HK: What really surprised me was the high diversity we detected. . . . We took one tea bag, and . . . I think it was from 100 [or] 150 milligrams of dried plant material, we extracted DNA. And we found in green tea up to 400 species of insects in a single tea bag. . . . That really surprised me. And the reason probably is that this tea, it’s ground to a relatively fine powder. So the eDNA [from all parts of the tea field] gets distributed.  

TS: As far as applying this to herbaria samples, would you need just a relatively small piece of that sample, or could it be an issue that these are rare and very old samples, and you don't want to be grinding up a big chunk of them. 

HK: We’ve been thinking about this, and there’s two options. One is to just very carefully treat the herbarium sample.

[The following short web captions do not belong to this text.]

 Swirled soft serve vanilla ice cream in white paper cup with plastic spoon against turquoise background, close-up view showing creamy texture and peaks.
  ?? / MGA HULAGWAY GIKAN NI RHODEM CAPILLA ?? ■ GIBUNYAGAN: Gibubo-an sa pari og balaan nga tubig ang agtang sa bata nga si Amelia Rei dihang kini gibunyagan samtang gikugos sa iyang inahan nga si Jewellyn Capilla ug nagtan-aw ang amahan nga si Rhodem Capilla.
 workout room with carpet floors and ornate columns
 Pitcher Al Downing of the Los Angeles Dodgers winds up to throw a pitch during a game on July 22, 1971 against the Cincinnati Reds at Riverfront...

We’re now testing if you can also just carefully wash the sample, for example, and kind of wash off the traces which are stuck to the sample.  

Then of course, there’s herbaria where they’re actually happy if you do something with them. [H]ere at this university, we have a retired botany professor, and she has very large herbaria she has collected during her tenure. . . . They don’t have a huge scientific value for her, and she would be fine if I grind them up. . . . We’re just testing this, so I cannot give you any results on this yet, but it looks like we are actually able to extract insect DNA out of this as well. . . . And then move back to that same place—she has exact collection sites—I just drive back there, collect the same plant again, and then I can compare how was the insect community 50 years ago when she collected it or 30 years ago when she collected again, and then compare it to how is the insect community on that plant today.  

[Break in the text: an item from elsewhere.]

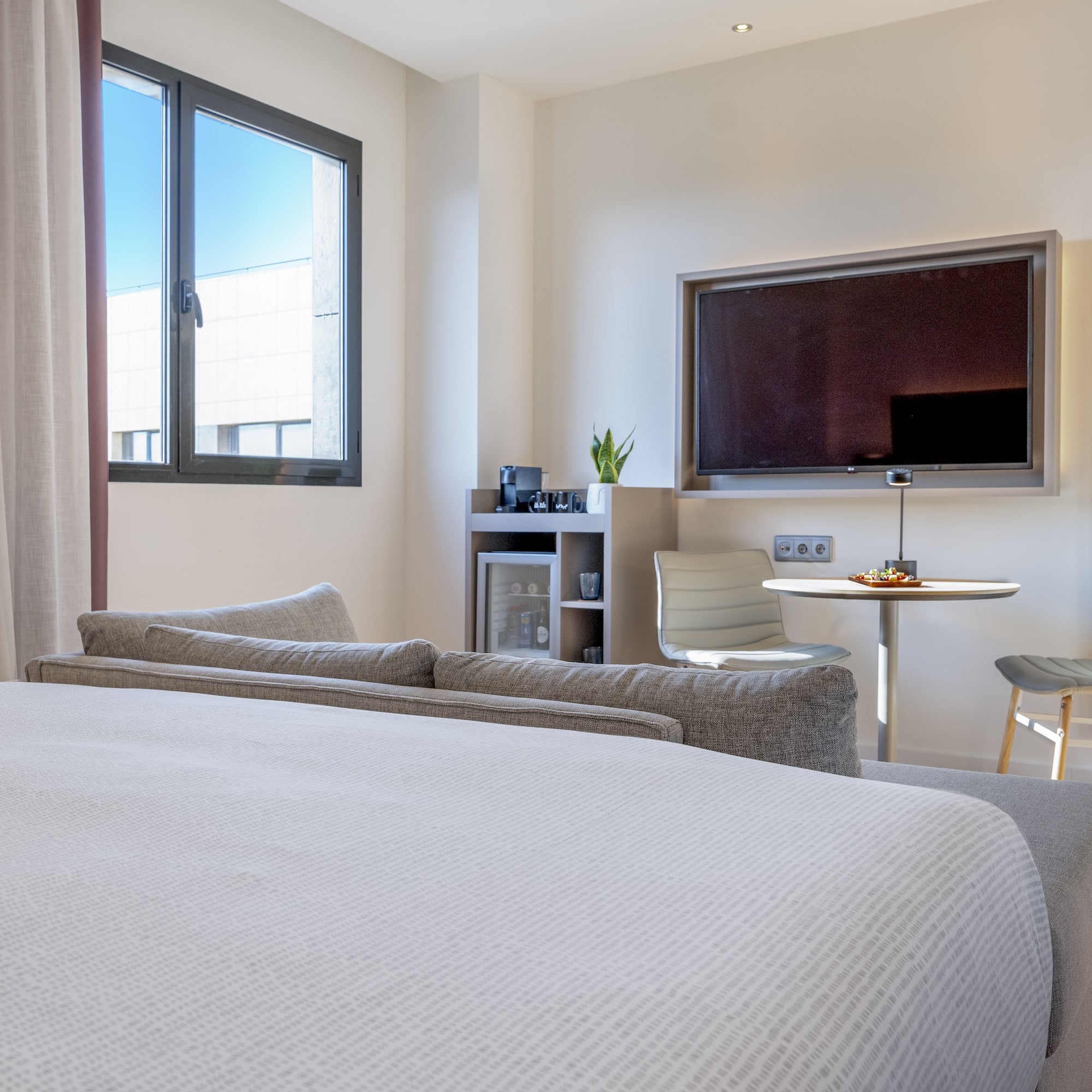 a room with a bed and a tv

But of course, generally these collections are very precious and we are developing methods to carefully extract DNA from this without damaging the specimen. This is something we’re just starting now. Seeing how well it worked with tea, I’m now confident that we could also move into other samples like these herbaria. 

TS: Are you a tea drinker yourself? 

HK: I drink coffee actually. . . . And I fear coffee probably is not well suited for it because coffee is roasted. And what DNA really doesn’t like is being heated up to a very high temperature for a long time . . . . We have not tried it yet, but I fear coffee is probably not the best choice for this kind of experiment. 

Editor’s note: This interview has been edited for brevity.